Miraculous Markets

One of the great highlights of urban tourism, is a visit to a city’s central market. For there is little than can match the sensual pleasure of wandering around labyrinthine aisles overflowing with tasty things to touch, smell, eat and drink. The covered  market off the Barcelona Ramblas is just such a place, as essential as the obligatory visit to Gaudi’s cathedral, and a trip to Leeds or Newcastle is not complete without drifting through the Kirkgate and Grainger markets, gems of structural engineering which have somehow survived the twin forces of population flight and supermarket sheds. Glasgow has been less lucky, its markets have endured, but as music venues and bars rather than sellers of fresh produce. The emergence  of interior markets in the mid nineteenth century was a response to three things. First, to provide safe shopping venues for a growing middle class intimidated by unregulated street stalls. Second, to provide food security, ensuring that products were fresh and free from disease, and third to bring retail into the orbit of capital with the development of organised commerce based on precise measurement and price controls. There was a fourth element as well; spectacle. The ritual display of commodities, resplendent with graphic iconography, was as essential to the early development of consumer culture as it is now, and like the cast-iron and glass Arcades, the large covered markets could be palatial and architecturally innovative in their use of iron, steel, timber and concrete to create wide span structures of often cathedral size proportions.
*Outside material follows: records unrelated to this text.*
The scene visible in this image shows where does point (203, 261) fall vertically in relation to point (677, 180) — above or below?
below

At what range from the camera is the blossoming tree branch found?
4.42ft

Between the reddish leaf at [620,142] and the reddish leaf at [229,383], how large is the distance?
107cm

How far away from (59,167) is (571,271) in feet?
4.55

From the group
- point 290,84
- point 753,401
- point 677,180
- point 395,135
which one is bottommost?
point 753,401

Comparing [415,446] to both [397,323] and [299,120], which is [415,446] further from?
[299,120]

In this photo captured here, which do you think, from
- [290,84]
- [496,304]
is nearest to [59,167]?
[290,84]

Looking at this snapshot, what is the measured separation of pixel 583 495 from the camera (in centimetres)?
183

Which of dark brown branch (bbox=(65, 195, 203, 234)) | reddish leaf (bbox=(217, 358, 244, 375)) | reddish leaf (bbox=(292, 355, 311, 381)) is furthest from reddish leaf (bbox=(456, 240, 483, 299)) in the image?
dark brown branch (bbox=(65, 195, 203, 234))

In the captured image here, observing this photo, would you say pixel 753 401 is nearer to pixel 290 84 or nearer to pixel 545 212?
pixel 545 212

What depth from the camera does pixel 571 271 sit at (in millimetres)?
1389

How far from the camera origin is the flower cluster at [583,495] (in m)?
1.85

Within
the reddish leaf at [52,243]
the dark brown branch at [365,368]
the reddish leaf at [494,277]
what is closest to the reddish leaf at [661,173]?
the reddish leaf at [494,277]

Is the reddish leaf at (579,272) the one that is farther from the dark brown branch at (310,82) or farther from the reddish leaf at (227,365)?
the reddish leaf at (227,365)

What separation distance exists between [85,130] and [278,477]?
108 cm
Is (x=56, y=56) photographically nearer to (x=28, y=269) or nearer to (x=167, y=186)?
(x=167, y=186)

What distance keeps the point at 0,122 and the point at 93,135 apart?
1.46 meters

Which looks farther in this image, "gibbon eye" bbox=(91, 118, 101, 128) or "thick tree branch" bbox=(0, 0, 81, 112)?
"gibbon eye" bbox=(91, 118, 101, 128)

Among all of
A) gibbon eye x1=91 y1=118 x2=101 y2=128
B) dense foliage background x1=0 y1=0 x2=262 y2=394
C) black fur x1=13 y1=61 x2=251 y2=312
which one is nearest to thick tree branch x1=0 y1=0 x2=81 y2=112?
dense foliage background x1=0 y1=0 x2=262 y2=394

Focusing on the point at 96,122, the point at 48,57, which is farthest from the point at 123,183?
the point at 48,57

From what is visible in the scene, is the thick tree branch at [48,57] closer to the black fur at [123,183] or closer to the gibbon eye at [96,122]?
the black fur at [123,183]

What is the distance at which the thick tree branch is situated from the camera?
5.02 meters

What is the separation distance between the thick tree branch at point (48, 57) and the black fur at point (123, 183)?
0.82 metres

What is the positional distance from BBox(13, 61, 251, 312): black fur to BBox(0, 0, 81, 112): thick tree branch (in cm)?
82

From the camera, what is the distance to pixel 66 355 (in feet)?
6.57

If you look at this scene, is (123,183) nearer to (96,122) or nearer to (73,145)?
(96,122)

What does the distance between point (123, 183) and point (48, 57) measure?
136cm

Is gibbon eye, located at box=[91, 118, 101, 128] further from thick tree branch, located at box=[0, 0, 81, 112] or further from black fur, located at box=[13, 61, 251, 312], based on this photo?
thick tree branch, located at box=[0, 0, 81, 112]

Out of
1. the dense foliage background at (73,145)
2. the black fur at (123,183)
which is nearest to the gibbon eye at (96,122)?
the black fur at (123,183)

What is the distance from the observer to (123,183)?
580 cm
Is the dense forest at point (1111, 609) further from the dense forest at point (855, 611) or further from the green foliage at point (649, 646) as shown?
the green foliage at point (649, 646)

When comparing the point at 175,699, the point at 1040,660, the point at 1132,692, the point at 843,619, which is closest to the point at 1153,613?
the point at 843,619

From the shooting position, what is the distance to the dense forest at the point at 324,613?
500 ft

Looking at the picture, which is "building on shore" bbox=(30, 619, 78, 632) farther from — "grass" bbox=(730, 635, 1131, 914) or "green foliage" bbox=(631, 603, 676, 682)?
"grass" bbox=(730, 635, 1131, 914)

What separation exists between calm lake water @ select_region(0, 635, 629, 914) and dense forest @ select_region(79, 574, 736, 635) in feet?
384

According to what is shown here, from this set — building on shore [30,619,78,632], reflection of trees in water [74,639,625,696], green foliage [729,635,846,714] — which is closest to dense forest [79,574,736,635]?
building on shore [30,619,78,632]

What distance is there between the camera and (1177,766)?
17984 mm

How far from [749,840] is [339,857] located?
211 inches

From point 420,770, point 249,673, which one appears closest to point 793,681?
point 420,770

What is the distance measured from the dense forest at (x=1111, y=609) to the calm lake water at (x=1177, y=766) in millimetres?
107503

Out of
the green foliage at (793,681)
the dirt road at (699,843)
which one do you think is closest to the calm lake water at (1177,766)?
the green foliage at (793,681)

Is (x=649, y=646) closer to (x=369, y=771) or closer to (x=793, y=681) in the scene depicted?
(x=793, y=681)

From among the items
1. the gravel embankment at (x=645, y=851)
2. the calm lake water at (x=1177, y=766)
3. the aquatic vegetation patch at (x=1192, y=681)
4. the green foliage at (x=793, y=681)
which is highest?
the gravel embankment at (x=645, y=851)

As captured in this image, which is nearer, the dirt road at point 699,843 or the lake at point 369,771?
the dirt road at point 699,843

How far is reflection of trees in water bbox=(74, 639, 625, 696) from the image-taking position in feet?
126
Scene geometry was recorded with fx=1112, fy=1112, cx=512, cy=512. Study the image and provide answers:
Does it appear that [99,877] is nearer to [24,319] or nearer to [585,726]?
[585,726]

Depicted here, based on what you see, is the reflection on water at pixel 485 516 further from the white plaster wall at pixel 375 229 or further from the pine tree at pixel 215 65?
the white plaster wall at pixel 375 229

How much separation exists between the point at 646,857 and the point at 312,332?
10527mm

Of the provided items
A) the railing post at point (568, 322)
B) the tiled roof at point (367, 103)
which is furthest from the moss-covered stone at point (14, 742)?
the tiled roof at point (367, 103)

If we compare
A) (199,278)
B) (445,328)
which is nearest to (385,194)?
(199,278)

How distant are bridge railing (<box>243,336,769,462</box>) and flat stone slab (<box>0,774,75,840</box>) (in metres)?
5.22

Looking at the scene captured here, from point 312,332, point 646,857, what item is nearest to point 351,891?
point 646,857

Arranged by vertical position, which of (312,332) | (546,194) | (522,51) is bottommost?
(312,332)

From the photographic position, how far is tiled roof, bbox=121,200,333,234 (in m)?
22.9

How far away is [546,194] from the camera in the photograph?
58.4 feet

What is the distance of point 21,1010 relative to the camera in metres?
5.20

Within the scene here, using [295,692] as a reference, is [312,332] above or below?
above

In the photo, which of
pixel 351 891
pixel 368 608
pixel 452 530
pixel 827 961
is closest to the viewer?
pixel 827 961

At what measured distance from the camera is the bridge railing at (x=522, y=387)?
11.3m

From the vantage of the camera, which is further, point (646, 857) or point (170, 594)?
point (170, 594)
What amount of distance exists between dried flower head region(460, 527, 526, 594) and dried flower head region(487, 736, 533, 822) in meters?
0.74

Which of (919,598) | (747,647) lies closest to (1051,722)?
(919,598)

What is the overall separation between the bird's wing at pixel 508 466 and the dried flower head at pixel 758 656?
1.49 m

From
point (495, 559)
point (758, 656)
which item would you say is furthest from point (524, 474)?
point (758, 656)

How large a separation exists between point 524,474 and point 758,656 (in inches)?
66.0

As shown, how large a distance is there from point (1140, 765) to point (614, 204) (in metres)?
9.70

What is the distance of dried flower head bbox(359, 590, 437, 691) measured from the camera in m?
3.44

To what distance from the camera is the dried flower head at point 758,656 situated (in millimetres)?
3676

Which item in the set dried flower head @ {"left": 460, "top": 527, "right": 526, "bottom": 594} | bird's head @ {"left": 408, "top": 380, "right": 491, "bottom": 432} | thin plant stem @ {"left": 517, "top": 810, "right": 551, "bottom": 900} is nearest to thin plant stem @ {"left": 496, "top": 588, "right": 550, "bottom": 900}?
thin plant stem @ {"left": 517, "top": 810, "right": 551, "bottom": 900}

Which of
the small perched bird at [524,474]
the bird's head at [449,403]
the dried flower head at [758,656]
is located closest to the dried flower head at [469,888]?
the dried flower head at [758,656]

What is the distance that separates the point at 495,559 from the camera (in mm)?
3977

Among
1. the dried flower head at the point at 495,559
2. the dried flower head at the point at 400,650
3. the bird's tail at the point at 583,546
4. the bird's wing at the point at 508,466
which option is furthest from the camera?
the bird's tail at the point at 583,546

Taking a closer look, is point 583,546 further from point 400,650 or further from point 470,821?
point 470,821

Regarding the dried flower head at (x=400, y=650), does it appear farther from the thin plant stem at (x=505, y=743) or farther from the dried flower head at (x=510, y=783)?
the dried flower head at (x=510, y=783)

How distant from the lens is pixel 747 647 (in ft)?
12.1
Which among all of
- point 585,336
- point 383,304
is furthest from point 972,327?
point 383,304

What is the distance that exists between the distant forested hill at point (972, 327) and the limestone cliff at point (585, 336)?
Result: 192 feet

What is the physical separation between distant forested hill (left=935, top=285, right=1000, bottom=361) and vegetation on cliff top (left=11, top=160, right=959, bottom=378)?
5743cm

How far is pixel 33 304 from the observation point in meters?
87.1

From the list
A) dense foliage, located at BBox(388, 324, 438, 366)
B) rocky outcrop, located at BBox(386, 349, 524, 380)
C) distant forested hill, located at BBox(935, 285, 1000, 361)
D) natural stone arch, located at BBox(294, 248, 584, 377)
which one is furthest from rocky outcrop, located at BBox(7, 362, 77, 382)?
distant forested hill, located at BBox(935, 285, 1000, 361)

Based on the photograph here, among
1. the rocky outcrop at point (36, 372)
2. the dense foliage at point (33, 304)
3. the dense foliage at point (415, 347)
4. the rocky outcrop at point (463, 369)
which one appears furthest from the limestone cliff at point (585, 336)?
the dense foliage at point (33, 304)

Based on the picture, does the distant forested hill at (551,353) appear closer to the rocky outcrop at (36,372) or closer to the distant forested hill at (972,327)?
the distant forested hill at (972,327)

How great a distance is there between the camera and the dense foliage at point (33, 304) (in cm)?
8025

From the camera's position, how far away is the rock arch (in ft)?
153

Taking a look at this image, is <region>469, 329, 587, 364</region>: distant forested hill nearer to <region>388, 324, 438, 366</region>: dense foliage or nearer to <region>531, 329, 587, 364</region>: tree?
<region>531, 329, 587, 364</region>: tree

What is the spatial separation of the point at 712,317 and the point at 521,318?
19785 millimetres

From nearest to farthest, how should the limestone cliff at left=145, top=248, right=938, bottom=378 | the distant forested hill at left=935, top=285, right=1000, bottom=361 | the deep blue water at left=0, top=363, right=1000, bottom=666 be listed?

The pictures here are of Belo Horizonte’s magnificent Mercado Central. It is worth visiting the city simply to spend the day sampling all the different cheeses and cachacas for which Minas Gerais is famous. It is an emporium where it appears as if the whole world is for sale. Knives, birds, religious artefacts, magic herbs, ingredients for feijoada, arrays of tropical fruit, and my favourite place of all, Ponto da Empada, Pie Shop. I was brought up on pasties and cannot resist food wrapped in pastry. The pies here are sensational. Crumbling buttery pastry stuffed with a filling of your choice; chicken, sun dried beef, olives, and my personal favourite, Bacalhau, salted cod, washed down with icy fresh lemonade.